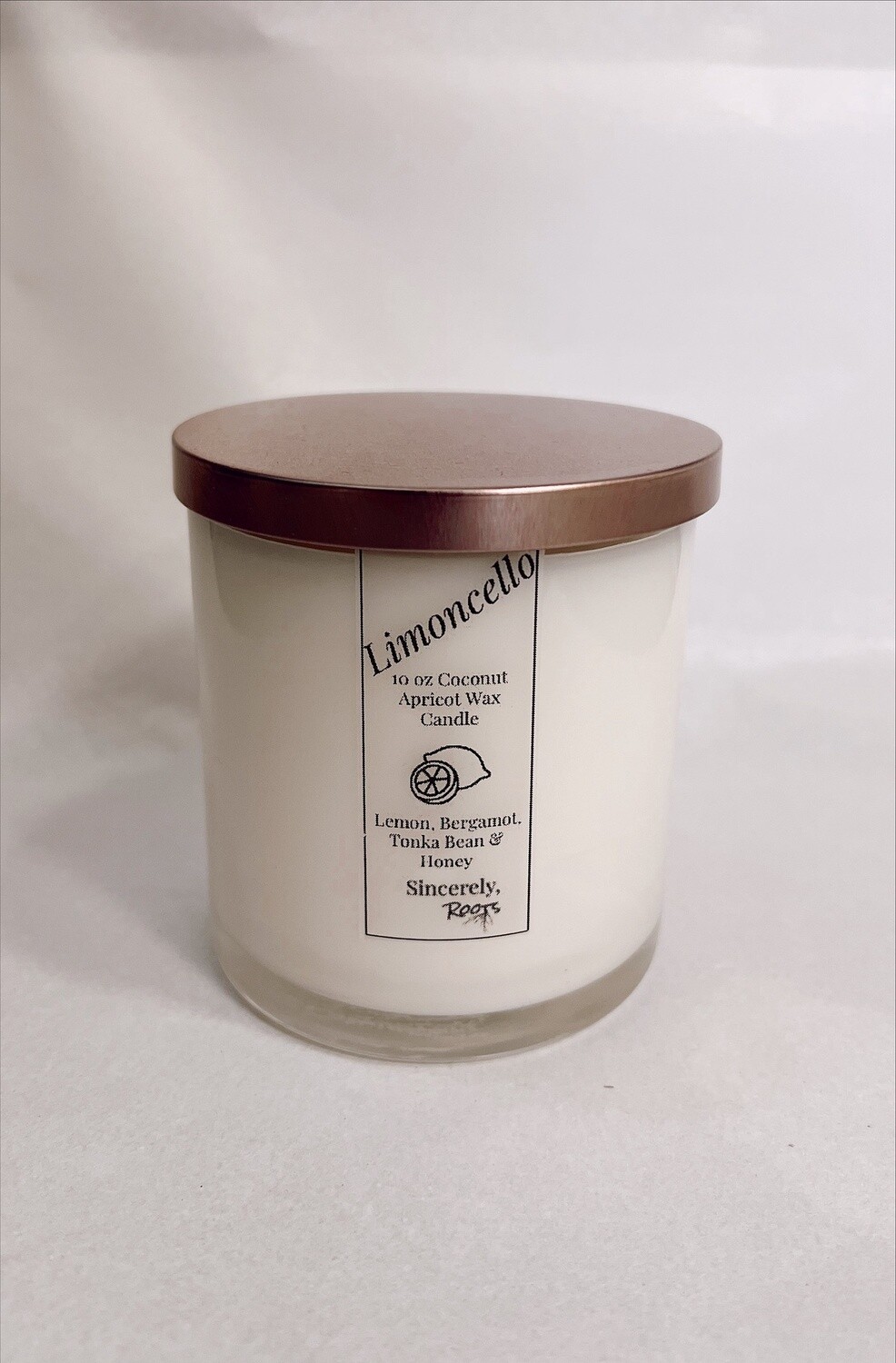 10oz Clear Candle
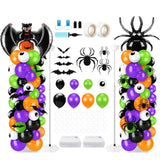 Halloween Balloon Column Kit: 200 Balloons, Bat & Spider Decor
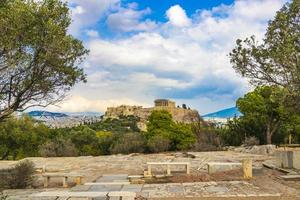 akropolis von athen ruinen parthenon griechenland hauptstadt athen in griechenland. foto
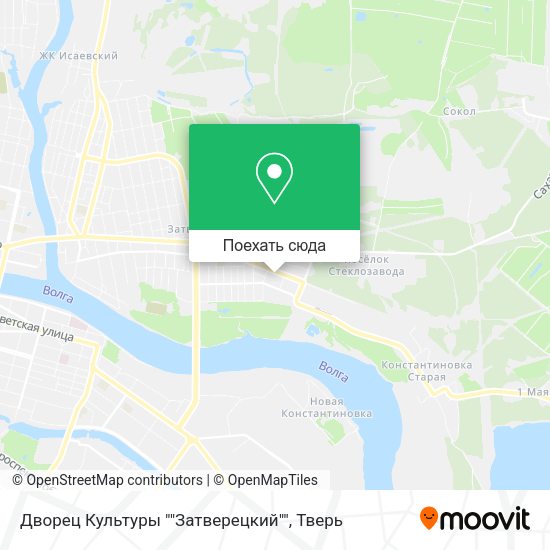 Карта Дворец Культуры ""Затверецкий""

### Requirement:
Only the text of the listing above should be copied, exactly and with pictures left out.

### Output:
 10oz Clear Candle
 Halloween Balloon Column Kit: 200 Balloons, Bat & Spider Decor
 akropolis von athen ruinen parthenon griechenland hauptstadt athen in griechenland. foto
 Карта Дворец Культуры ""Затверецкий""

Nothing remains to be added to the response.